As more and more libraries, museums, galleries and archives are making their collections available online, it is becoming essential to develop methods for accessing these vast and valuable collections of cultural heritage easily and thoroughly. One of the promising approaches is to automatically identify the database records that refer to the same entity across different collections, which is called “record linkage”. In the past, numerous approaches (Elmagarmid et al., 2007) have been proposed. Most of the existing approaches targeted to identify the same records in the same language. However, we aim to identify the same artworks in different languages.
In our recent work, we have developed a method for identifying the same Ukiyo-e prints from databases in English and Japanese (Batjargal et al., 2014). This method is particularly useful since Ukiyo-e, the Japanese traditional woodblock printing, is engraving and many copies or variants of one particular work were made from the same woodblock, and most of these copies were scattered around Western countries in the 19th century, and now stored in museums and galleries in these countries. Most of the metadata of these databases are available only in English or in the native language of that country. Titles are mostly written either as the transliteration of the original Japanese title, or a translation in that language. Table 1 shows an example of an Ukiyo-e print whose copies are stored in databases around the world with titles in different languages.
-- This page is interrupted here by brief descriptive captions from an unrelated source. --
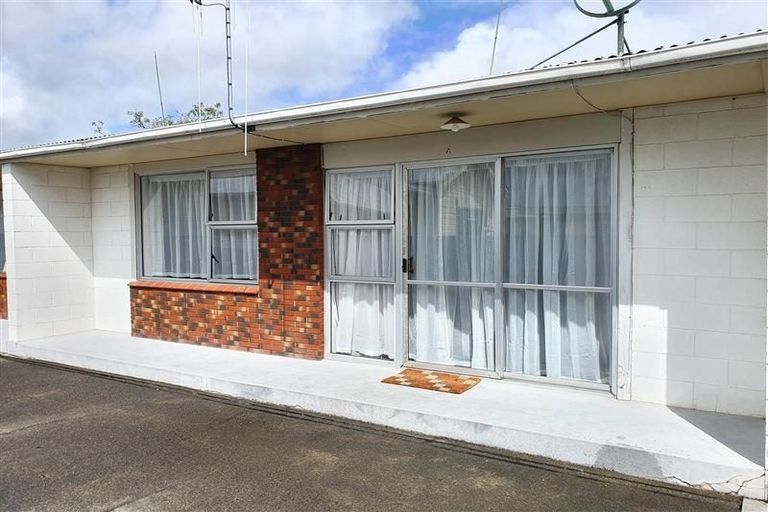 Photo of property in 4/11 Worcester Street, West End, Palmerston North, 4410
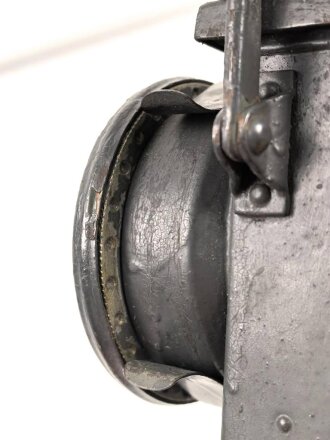 Dominit Handlampe. Schwerer Ausführung mit blauer Scheibe, was auf verwendung im Luftschutz schliessen lässt. Vor langer zeit überlackiert, Maße etwa 15 x 15 x 11cm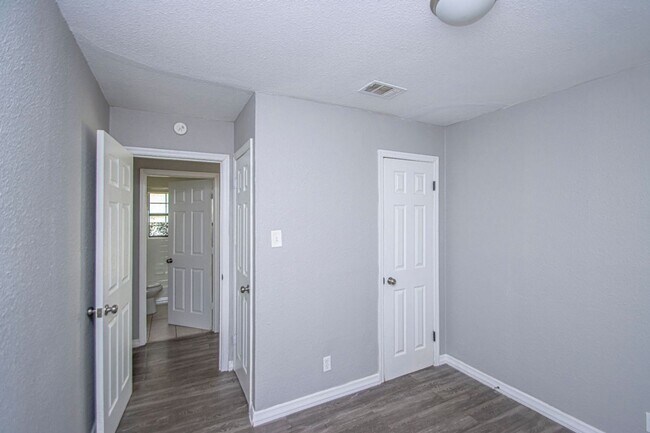 Building Photo - Charming 3-Bedroom Home with Large Fenced Backyard in Little Rock!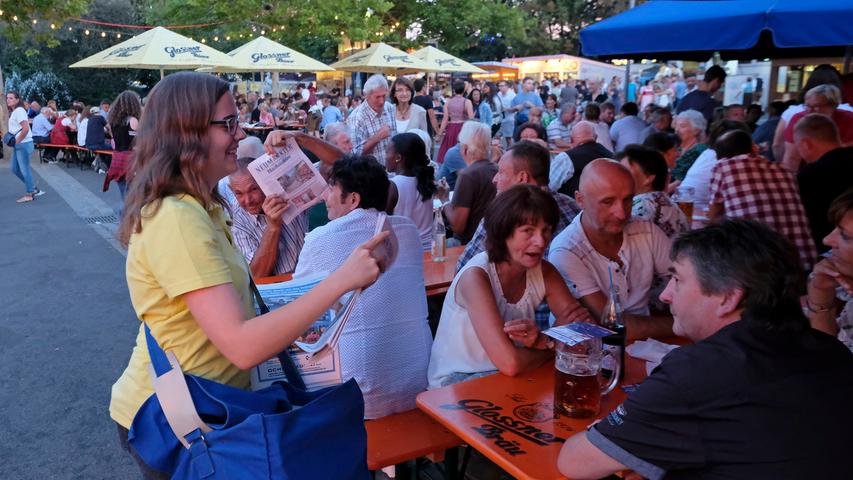 Volksfestnachrichten und Riesenrad: Sonntagnacht beim Jura-Volksfest 2018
One of the effective approaches for identifying the same artworks from multiple image databases is to utilize image similarity calculations. Ukiyo-e.org (Resig, 2012; Resig, 2013) is the most successful example of identifying the same Ukiyo-e prints, which purely uses image similarities rather than textual data. The advantage of our approach is that we do not have to harvest all the data from the databases beforehand. This paper discusses the method for identifying the same Ukiyo-e records between Japanese and Dutch databases using textual metadata written in different languages.
Original Ukiyo-e print | Title | Database |
凱風快晴 (original title in Japanese) | The Edo-Tokyo Museum, Japan | |
Gaifū kaisei (transliteration) | The Library of Congress, USA | |
South Wind, Clear Sky (in English) | The Metropolitan Museum of Art, USA | |
Vent frais par matin clair (in French) | French Photo Agency, France | |
Helder weer en een zuidelijke wind (in Dutch) | Rijksmuseum, Netherlands | |
Fuji bei schönem Wetter von Süden gesehen (in German) | Bildarchiv Foto Marburg, Germany |
Here we explain our method for identifying the same Ukiyo-e records between Japanese and Dutch databases. The proposed method is divided into two main parts as shown in Figure 1. One is the literal translation of original Japanese titles into Dutch, and the other is to find the English title of the same artwork and then translate it into Dutch. The reason of having two different parts is that the translated titles of Ukiyo-e can be classified into two types, a literal translation of the original title, and a translated title, which depicts the scene or objects portrayed in the print that is not necessarily related to the original title. There are a considerable numbers of depictive titles in the translated English and Dutch titles of Ukiyo-e prints.
In the process of literal translation of original titles, first we translate the original Japanese title into Dutch by using a machine translation service (e.g. Google Translate or Microsoft Translator), and then we calculate the similarities between the literal translation and candidate Dutch titles using the similarity measure proposed in our previous approach (Kimura et al., 2015). Identified candidates are narrowed down from a Dutch database using the artist name of the original title.
In the process of using English titles, first we identify the corresponding English title(s) of the original title using the method proposed in our previous approach, then we translate the English title(s) into Dutch using a machine translation service, and then we calculate the similarities between translated Dutch title(s) and candidate Dutch titles using the same similarity measure as the literal translation process. Finally, we integrate the results of two processes and identify the same artworks that exceed a certain threshold of the similarity degree.
We have conducted experiments to evaluate the proposed method. The experimental data is shown in Table 2 and the experimental results are shown in Table 3. In these experiments, we utilized the artworks of Hiroshige Utagawa.
Language | Database | Number of available Ukiyo-e prints of Hiroshige Utagawa |
Japanese | The Edo-Tokyo Museum | 32 |
English | The Metropolitan Museum of Art | 133 |
Dutch | Rijksmuseum | 207 |
By employing the literal translation of original titles | By employing the English titles | Combining the literal translation and English titles | |
Number of correctly identified titles within top 5 ranks (percentage) | 20/32 (0.6250) | 14/32 (0.4375) | 22/32 (0.6875) |
We proposed a method for identifying the same Ukiyo-e prints across multiple databases using textual metadata written in different languages, particularly Japanese and Dutch. By using English titles as an intermediate text, we can find not only literally translated titles but also “depictive” titles, which are common in translation of Ukiyo-e prints’ titles that cannot be identified by a simple word-to-word matching. Our preliminary experiments showed reasonable results in identifying both literally translated titles and depictive titles. As the future work, we plan to extend the proposed method to other humanities databases.